_Directions:_ The material below holds pictures; leave them out and reproduce exactly the lines from the one with "박선웅 교수님 생신 축하 파티" through the one with "假日经济点燃消费热潮人山人海", inclusive.

_Supplied records:_
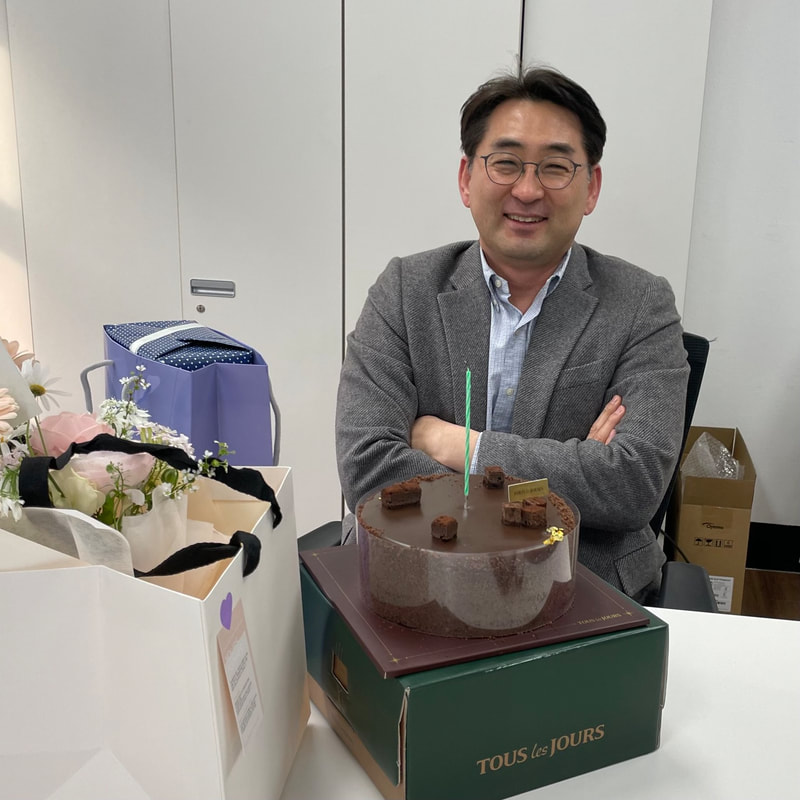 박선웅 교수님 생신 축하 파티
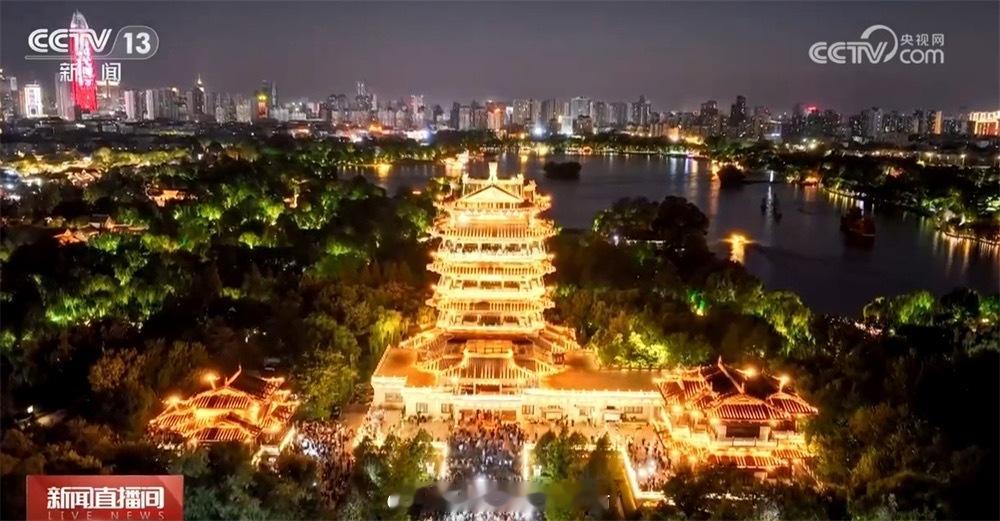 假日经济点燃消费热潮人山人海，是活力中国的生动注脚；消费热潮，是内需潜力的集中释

--

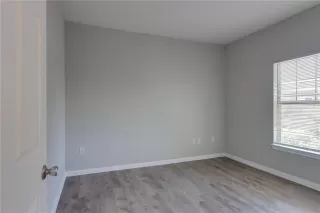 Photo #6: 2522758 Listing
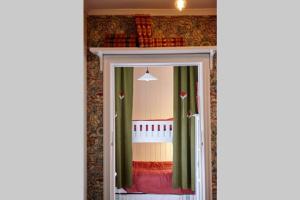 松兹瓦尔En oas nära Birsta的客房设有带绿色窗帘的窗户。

_Worked solution:_
 박선웅 교수님 생신 축하 파티
 假日经济点燃消费热潮人山人海，是活力中国的生动注脚；消费热潮，是内需潜力的集中释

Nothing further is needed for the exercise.